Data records
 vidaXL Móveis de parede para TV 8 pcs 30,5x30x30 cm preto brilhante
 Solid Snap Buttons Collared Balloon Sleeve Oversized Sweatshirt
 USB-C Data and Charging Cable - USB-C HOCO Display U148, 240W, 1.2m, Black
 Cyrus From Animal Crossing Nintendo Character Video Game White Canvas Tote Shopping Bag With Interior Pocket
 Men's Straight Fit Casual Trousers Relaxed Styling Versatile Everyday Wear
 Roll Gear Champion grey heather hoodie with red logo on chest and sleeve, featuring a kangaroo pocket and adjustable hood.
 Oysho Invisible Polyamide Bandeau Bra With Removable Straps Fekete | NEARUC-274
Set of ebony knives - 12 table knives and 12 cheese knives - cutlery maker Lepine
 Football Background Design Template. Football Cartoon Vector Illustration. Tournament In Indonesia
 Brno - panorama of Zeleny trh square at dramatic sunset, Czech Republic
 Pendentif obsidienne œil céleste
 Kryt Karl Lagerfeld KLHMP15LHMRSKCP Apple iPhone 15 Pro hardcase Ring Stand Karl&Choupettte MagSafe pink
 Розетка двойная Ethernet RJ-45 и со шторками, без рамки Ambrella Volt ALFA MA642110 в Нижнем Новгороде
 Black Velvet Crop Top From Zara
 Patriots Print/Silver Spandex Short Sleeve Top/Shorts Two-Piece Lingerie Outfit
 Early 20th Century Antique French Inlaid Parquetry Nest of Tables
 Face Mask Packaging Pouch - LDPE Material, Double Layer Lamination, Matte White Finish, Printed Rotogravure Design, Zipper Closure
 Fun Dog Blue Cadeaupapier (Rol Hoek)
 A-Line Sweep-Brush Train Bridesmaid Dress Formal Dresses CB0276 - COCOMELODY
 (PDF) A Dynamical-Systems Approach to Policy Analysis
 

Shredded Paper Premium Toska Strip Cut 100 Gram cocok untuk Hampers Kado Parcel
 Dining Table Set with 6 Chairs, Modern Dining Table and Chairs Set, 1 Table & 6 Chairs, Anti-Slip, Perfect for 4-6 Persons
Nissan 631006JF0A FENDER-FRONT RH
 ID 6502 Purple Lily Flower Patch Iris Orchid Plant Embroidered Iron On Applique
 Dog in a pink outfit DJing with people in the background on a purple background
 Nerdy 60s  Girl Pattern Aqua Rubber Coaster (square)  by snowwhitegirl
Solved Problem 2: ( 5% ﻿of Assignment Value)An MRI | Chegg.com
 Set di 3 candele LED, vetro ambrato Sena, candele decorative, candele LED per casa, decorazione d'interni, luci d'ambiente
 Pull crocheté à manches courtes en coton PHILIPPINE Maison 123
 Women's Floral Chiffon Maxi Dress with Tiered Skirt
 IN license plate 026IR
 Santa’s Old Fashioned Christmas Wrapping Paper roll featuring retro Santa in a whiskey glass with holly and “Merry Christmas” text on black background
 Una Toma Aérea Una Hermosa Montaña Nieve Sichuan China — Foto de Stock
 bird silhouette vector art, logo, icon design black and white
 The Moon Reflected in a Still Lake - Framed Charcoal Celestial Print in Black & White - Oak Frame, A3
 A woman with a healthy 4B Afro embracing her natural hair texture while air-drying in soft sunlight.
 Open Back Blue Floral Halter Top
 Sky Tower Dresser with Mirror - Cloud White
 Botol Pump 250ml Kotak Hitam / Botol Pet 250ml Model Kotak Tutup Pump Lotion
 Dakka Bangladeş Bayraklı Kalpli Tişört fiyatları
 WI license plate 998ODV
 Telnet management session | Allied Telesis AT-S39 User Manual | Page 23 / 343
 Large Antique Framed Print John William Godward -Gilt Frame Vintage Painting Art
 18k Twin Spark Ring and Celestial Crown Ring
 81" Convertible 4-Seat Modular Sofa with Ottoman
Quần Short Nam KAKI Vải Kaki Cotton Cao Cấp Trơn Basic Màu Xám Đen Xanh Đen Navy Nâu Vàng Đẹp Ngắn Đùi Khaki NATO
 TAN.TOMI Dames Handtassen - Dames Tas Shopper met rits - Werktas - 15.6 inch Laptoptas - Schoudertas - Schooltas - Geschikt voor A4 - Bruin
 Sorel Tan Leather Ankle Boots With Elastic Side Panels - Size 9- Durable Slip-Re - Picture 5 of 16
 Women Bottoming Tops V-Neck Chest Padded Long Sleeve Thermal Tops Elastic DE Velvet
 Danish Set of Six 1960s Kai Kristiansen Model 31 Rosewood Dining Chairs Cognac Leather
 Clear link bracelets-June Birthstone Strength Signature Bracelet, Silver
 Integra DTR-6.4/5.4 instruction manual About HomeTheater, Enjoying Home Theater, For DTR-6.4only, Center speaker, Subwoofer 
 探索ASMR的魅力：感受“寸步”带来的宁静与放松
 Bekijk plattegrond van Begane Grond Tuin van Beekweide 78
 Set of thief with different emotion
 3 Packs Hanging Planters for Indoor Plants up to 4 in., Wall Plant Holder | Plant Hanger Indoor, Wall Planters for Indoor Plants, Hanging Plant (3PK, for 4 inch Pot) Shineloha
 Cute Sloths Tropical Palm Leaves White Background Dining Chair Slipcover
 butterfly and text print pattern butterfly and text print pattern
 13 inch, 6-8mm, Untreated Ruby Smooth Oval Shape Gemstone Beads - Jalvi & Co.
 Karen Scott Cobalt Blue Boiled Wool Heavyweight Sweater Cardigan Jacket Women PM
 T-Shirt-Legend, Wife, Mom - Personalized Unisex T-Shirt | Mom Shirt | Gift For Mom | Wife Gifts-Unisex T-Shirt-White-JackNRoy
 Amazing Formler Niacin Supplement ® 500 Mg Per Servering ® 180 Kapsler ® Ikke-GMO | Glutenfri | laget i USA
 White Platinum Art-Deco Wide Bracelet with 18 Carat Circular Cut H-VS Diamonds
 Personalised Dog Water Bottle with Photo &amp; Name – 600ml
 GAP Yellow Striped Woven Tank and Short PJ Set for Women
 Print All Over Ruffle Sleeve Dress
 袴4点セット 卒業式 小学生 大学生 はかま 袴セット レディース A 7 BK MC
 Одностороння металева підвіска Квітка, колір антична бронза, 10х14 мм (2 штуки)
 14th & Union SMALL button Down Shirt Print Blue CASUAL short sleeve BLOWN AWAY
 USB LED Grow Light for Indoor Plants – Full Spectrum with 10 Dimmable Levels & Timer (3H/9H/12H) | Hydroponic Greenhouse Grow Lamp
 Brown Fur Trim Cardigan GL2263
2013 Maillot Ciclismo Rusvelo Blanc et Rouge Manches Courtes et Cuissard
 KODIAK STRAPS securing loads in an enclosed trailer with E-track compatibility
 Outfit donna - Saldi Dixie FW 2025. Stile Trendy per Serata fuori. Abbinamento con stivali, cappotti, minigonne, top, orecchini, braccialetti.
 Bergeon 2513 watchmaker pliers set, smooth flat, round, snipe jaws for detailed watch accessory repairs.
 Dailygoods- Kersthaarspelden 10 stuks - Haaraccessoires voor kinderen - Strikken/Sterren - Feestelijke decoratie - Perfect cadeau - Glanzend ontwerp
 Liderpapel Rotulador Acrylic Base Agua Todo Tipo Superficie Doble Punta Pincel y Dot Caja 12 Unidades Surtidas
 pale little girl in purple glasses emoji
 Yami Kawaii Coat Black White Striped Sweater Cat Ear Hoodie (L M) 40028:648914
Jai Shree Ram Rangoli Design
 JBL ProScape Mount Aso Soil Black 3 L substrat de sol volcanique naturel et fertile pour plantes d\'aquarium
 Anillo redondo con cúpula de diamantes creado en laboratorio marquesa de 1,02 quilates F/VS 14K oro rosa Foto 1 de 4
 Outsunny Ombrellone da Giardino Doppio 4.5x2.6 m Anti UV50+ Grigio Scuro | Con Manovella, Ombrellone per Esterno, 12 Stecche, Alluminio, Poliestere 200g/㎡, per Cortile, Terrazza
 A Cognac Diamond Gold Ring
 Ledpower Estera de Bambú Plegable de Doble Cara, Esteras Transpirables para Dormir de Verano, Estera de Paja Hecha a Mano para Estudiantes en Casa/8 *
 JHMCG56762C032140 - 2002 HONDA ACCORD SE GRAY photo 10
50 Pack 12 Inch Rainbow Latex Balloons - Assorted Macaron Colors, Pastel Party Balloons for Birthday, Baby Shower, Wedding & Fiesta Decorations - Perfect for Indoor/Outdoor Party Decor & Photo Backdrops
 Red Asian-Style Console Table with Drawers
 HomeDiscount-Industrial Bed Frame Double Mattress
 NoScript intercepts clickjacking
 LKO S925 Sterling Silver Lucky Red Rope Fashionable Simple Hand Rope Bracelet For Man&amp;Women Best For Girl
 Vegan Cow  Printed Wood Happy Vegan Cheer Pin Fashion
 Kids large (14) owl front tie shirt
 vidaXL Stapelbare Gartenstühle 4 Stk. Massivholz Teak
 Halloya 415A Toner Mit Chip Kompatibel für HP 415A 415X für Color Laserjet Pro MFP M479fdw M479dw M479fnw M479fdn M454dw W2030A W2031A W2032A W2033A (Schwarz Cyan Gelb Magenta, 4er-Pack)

__Assigned task__: If a line of the records includes the string "Paper", copy it out.

__Result of the exercise__:
Shredded Paper Premium Toska Strip Cut 100 Gram cocok untuk Hampers Kado Parcel
 Santa’s Old Fashioned Christmas Wrapping Paper roll featuring retro Santa in a whiskey glass with holly and “Merry Christmas” text on black background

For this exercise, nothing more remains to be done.